A Sixer-Sized Setback
How the impending lockout would affect Philly’s progress.
Despite a pretty solid season for the Sixers, they finished with the worst attendance percentage in the League at 72.6 percent. Yes, the very worst. A Playoff team for that matter! We here in Philly appreciated the efforts of Doug Collins and the young’ns for turning in a respectable year but are also very aware that this front office has failed to generate a championship-contending product for a long time now. It’s almost as if management is content with just making the Playoffs, and couple that with the multitude of horrible contracts they’ve dished out (Iguodala, Brand, Samuel Dalembert, Chris Webber, Willie Green, etc.) and the fans just cannot be satisfied with the organization’s efforts. Therefore, no season—no pathetic half-filled arena. But this scenario could easily turn into a…
It’s only a Pro if basketball is sorely missed so much that hordes of Philly fans fill the Wells Fargo Center once the 2012 season begins. It’s possible. Sure, the Eagles, Phillies and even Flyers are stealing all the headlines these days, and rightfully so, but a full hoop-less season would make any fanatic miss the sport. Hopefully, the Sixers make a couple moves before their first game back as well and have this city buzzing about their once-beloved basketball team. This one is definitely to be determined.

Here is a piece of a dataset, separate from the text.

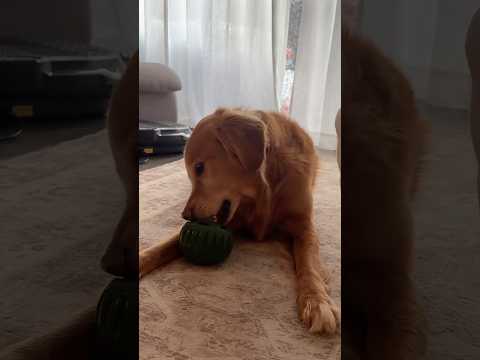 golden retriever puppies for sale🥵india retreiver dog puppy… サムネイル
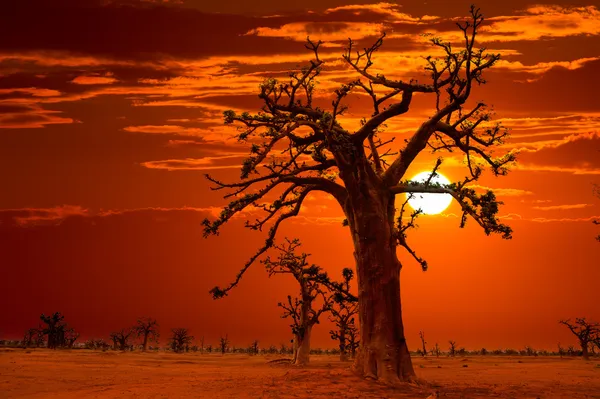 Afrika Sonnenuntergang in Baobab-Bäumen bunt — Stockfoto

Lou Williams‘ once bloated contract
At only 24 years old, Lou-Will already has six years of experience and is the second longest tenured 76er behind Iguodala. After a decent ’07-08 season off the bench, Williams received a generous five-year, $25 million extension which, back then, I considered as yet another bloated deal contrived by the front office. But Williams has definitely played his way into that contract, and at such a young age holds incredible value, especially for his offensive ability. Williams and Thaddeus Young formed one of the best reserve duos this past season across the whole NBA, and Lou eventually grew into the fourth quarter go-to-guy late in the season and the postseason. While he is still under contract until 2013, the Sixers would be unable to reach some kind of extension with him until the League re-opens its doors with a new CBA. And once that grand day comes, you best believe plenty of teams will vie for the services of the youthful veteran as well.
Hindering the youth
It’s no secret that the Sixers boast an unseasoned roster which will only get younger in the coming years with all those contracts coming off the books. Last season was definitely a work in progress, but new coach Doug Collins had his guys playing way above their age near the end of the season to finish 41-41, good for 7th seed in the East. Jrue Holiday, who just turned 21, is clearly the new face of this organization and has the potential to be one of the star point guards of the entire League in the coming years. He needed this year in order to continue his progression which now seems like a futile thought. I only say Jrue could use the work more than Evan Turner just because Holiday’s ceiling seems much higher, but don’t let that discount how much a missed season will affect Turner as well. He definitely showed flashes, but they were few and far between and if any rookie needed his sophomore season, it was definitely Evan Turner. As well as working on their individual games, another year together for the entire team was crucial for chemistry purposes. It also seemed like there was a real sense of excitement in Philly’s locker room late last year with thoughts of the future, so as sad as it is to say, a lost season really sets this team back in their quest to once again become a true contender in the East.
Doug Collins’ year off
Not only did Collins greatly improve his young players’ games in his first year coaching the Sixers, he also utilized Elton Brand well and finally instilled a real sense of defense into this team. All in all, Doug Collins was a godsend as he made a serious case for himself for Coach of the Year by the time April rolled around. While this team has plenty of talent, they needed a respected coach to manage and teach them, which Eddie Jordan completely failed at two years ago. But Collins does have a reputation of staying with his teams for only short periods and hasn’t really stamped his coaching legacy into one particular franchise yet. Everyone knows he loved coaching Philly last year and has tons of history with the city after playing for the organization from 1973-81, but a full year off would again let him catch of glimpse of life outside the League. Collins has had a few broadcasting stints in between coaching stops and it’s a foregone conclusion that he’ll end up back in the booth once he stops coaching again. The Sixers reached a four-year contract with him before the 2010 season, but it would be nice if Collins stays even longer to oversee the entire fruition of this team.